You don’t need a plugin to use mailgun with discourse. However, it is also very clear that if all 3 ports are blocked then you won’t be able to use mailgun.
You can try going with elasticemail they support port 2525 which is very rare to be blocked.
hmmmmm…I think using their API is the “native” way to use Mailgun and SMTP is just for compatibility. I don’t know if I’m right. But I think it may be feasible to use another server as a relay via an SSH tunnel. I have no idea how to actually do this. But I noticed there are some people doing this way, though they are not for Discourse. Theoretically, it should work.
Discourse does not support sending through API and this has been discussed earlier multiple times. This won’t be implemented unless there is a single, open source standard to send emails via API.
Individual developers may make plug in for discourse but it won’t really help in any way as email is required at the time of first run in order for admin to recieve the activation email.
Though it may be possible to install a plugin at that phase, it is neither recommended nor is documented anywhere by discourse in their official install guides.
I highly doubt someone is going to work on
A. Creating a plugin
B. Writing a guide to compile discourse with their plugin
C. Maintain a plugin for discourse for as long as discourse exists and the API standard doesn’t.

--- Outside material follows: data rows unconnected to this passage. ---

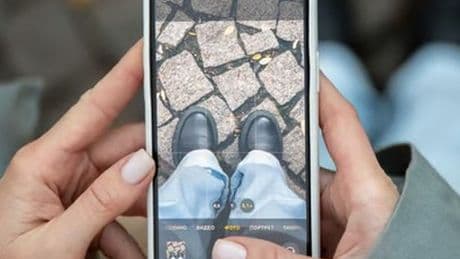 Apple users rush to buy iPhone 13 for £265 in cracking deal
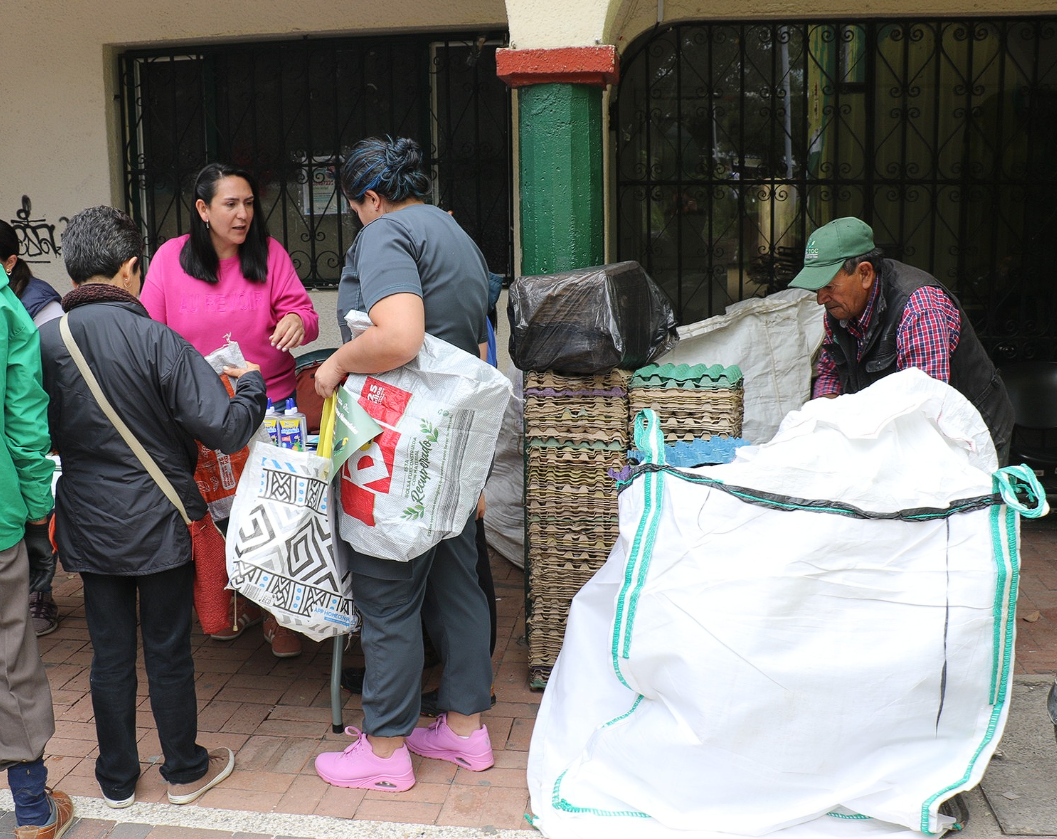 Primer |Ecotrueque| del año recolecta más de una tonelada de |material reciclable| en |Tocancipá|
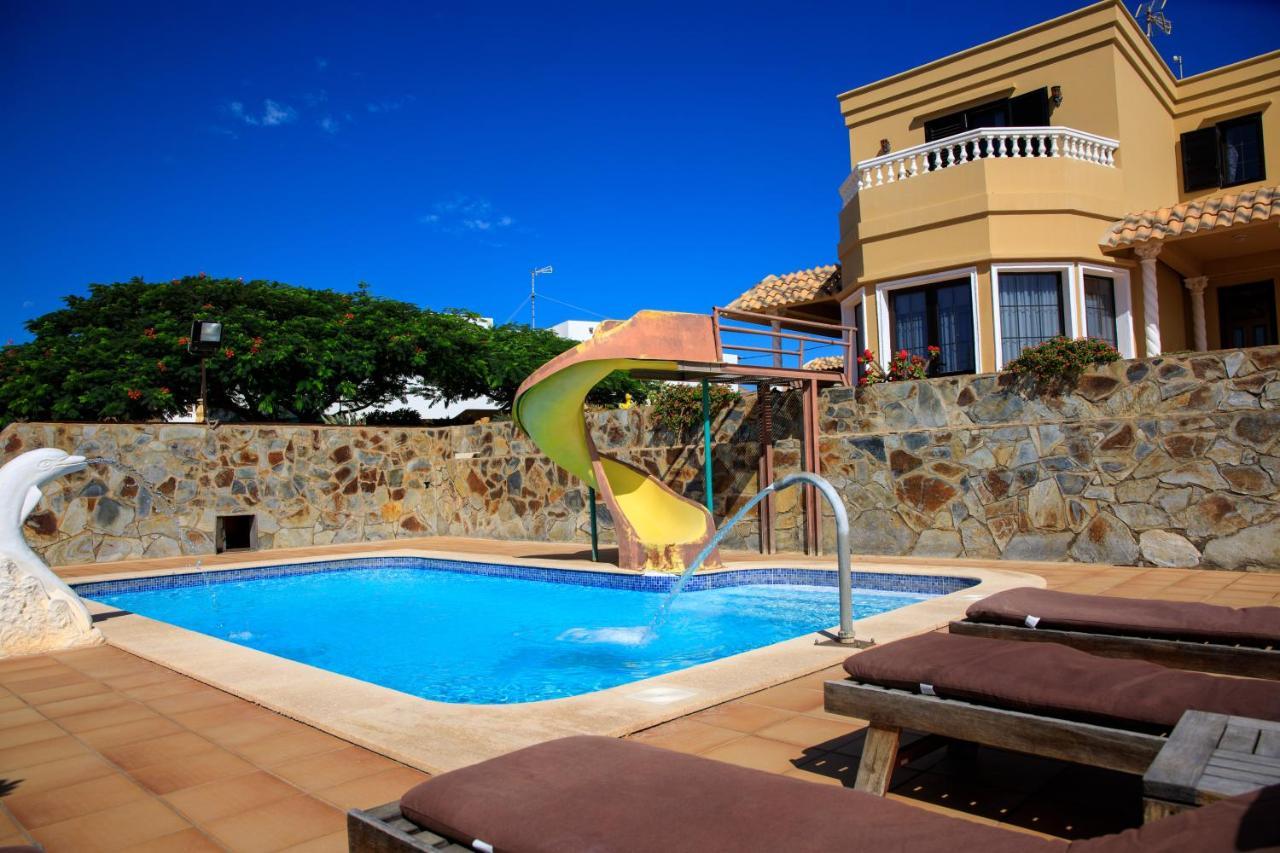 Villa Las Cuevas Tias Luaran gambar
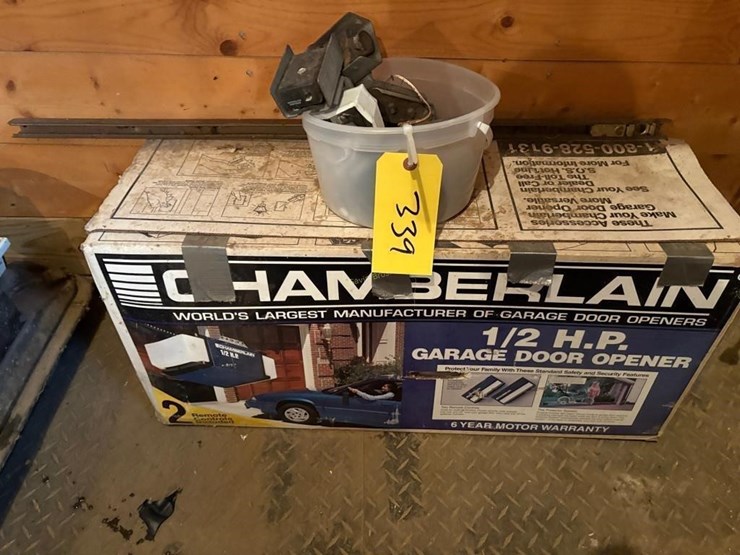 chamberlain-garage-door-opener-image-3
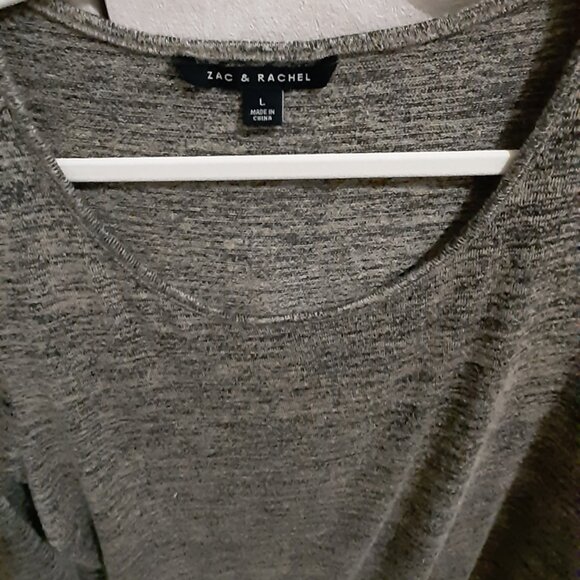 Zac & Rachel Soft Knit Polyester Rayon Long Sleeve, Scoop Neck Tunic Top, EUC - Picture 4 of 6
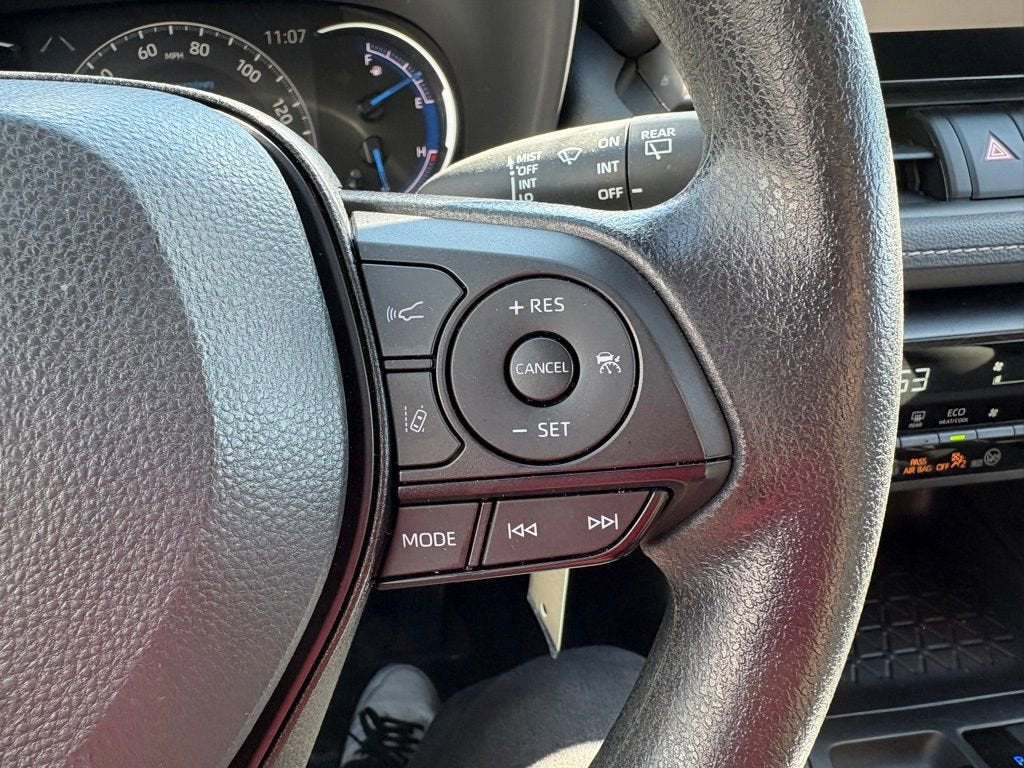 2025 Toyota RAV4 Hybrid LE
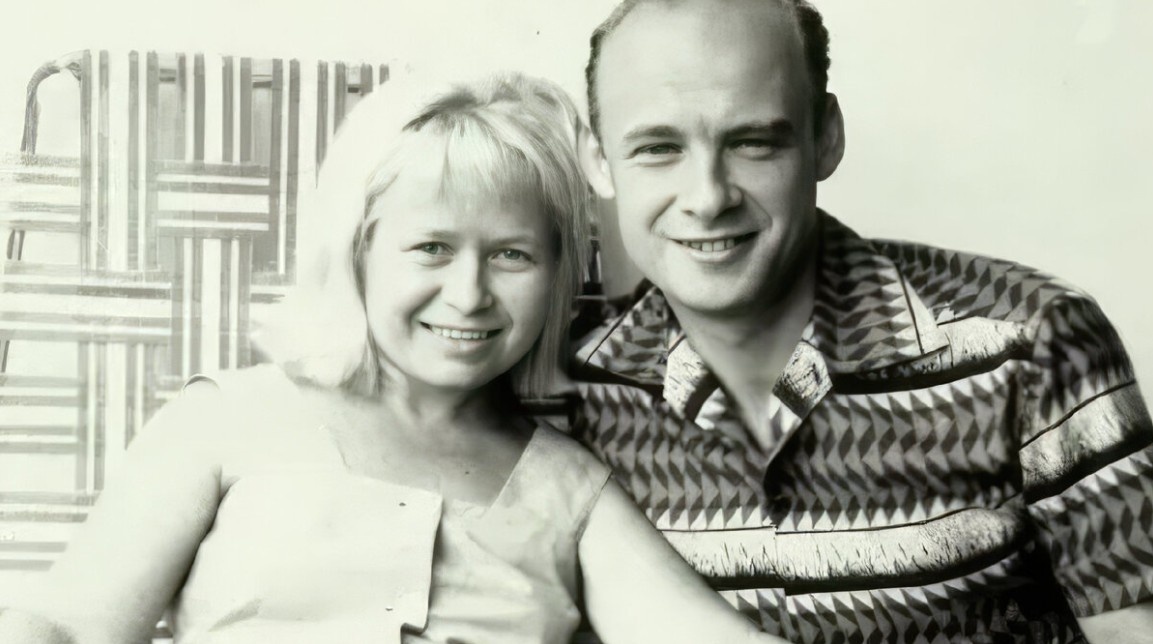 Александра Пахмутова и Николай Добронравов, соцсети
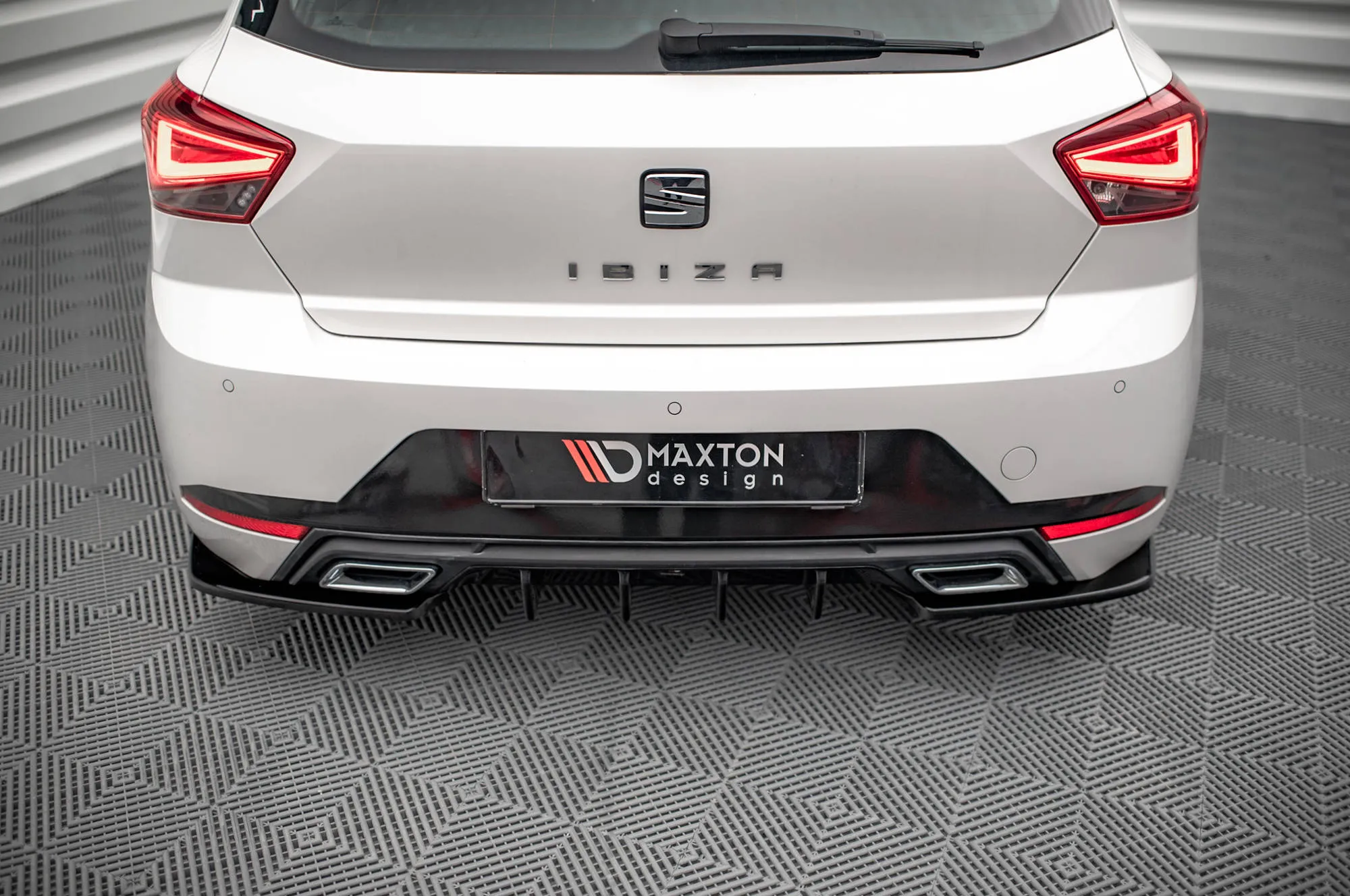 Tuningkit Seat Ibiza FR Mk5 2017 - 2021 | Glossy Black Edition – bilde 7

That too Just to add a functionality that is product specific and isn’t reliable.
One solution can be to run something like a local smtp2api script that takes all details from the SMTP and then sends it via API. That still would require a lot of effort and time.
If you use port 2525 as @itsbhanusharma recommended it will work with all mail delivery services that I have tested. I have done dozens of installs this way.
Another solution would be to develop a plugin that delivers mail through the API. Thus far, no one has seen the need to do that. If you have a budget of $1000 or more, you could post in marketplace and see if anyone is interested in developing one.